#### Your objective
What lines in the following entries hold the word "profile"? Copy each one.
----- Input
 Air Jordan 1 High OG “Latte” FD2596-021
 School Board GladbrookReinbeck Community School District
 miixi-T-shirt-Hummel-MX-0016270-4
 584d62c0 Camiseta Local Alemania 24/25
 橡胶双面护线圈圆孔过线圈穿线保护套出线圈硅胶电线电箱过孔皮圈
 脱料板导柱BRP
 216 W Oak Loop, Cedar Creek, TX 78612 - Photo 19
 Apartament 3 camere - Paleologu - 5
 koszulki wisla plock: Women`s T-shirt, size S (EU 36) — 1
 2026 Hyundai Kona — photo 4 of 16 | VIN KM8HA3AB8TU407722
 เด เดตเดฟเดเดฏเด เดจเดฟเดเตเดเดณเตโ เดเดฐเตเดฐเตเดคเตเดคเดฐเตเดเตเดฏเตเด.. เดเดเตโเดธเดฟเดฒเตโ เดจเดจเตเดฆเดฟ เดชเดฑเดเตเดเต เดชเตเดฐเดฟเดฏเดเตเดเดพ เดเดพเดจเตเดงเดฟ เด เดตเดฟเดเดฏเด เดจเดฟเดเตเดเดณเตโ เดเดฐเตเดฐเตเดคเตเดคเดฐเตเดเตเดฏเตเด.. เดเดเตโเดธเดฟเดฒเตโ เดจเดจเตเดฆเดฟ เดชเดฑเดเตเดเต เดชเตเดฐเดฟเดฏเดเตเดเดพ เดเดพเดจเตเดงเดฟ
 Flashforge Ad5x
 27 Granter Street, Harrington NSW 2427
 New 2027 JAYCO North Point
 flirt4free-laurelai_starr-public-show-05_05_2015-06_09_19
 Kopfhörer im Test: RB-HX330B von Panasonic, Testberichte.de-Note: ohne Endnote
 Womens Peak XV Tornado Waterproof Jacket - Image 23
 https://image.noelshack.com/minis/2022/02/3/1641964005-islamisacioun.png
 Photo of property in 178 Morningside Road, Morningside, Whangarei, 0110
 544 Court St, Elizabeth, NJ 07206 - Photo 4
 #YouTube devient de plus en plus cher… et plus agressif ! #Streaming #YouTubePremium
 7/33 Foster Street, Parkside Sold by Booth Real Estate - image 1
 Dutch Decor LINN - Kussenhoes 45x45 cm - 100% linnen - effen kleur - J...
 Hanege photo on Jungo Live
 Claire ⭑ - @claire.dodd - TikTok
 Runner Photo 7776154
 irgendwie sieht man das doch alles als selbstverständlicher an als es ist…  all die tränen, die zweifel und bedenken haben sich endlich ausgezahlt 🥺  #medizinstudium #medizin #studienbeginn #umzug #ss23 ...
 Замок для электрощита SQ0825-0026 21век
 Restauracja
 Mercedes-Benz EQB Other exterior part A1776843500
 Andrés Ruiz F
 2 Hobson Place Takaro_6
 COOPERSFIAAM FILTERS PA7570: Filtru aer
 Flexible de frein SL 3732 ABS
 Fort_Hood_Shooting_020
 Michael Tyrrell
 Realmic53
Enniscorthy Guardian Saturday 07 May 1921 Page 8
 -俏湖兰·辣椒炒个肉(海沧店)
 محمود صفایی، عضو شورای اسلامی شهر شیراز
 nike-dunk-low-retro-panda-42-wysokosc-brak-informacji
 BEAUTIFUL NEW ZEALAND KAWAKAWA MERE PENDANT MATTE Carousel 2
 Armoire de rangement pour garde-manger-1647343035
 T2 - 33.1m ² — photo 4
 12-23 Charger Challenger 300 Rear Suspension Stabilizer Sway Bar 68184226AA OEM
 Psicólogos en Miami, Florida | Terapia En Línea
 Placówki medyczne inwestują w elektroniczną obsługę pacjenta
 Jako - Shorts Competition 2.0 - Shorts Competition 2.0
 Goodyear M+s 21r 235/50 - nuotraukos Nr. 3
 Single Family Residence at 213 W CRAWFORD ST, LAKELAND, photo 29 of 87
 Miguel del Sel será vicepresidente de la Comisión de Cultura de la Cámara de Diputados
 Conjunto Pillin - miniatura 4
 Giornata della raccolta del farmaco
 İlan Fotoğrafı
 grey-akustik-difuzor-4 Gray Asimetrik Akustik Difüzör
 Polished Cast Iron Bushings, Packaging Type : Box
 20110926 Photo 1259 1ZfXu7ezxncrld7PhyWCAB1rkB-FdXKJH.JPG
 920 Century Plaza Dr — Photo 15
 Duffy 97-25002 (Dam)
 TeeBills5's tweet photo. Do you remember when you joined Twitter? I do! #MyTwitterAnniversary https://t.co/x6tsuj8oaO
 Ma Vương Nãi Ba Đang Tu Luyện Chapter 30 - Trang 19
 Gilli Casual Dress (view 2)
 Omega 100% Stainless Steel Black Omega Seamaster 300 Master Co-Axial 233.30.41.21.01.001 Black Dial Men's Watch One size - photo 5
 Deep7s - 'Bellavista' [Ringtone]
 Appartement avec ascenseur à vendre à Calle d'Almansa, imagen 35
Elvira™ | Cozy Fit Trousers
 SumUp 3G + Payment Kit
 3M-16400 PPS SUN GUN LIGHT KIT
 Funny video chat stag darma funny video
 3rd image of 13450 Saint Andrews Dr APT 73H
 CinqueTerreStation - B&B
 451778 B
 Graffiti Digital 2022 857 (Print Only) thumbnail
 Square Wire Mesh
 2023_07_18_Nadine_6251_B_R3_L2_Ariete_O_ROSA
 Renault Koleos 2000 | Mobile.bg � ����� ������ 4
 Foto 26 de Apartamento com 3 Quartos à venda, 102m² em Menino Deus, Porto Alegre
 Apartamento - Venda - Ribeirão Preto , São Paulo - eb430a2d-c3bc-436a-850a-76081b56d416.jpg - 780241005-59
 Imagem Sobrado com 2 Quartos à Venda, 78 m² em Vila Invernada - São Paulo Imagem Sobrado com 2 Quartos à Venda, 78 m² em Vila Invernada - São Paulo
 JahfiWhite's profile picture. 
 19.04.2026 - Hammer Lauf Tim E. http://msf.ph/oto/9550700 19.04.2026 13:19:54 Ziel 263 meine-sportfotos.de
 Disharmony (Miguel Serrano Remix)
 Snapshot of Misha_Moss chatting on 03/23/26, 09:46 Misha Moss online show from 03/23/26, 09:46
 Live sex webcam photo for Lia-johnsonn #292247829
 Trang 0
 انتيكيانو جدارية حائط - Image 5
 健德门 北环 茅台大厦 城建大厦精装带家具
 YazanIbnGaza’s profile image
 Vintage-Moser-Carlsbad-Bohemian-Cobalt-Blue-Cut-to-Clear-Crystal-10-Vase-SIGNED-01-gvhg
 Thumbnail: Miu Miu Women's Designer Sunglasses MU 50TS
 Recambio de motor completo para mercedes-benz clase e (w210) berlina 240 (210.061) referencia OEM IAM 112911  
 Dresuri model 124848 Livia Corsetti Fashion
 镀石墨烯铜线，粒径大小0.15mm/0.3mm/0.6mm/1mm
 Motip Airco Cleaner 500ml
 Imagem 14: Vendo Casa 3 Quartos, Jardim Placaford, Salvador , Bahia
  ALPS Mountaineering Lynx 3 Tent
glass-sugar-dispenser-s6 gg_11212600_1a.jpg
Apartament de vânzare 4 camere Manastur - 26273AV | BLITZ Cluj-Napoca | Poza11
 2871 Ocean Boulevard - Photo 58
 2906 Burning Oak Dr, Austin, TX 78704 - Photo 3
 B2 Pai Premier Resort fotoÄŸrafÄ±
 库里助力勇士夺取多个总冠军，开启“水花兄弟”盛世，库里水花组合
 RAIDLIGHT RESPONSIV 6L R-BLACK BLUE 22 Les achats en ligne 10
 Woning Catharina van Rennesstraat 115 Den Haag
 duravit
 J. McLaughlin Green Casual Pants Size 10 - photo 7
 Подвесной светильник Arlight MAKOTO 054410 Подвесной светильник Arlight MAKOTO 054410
----------
#### Worked solution
 JahfiWhite's profile picture. 
 YazanIbnGaza’s profile image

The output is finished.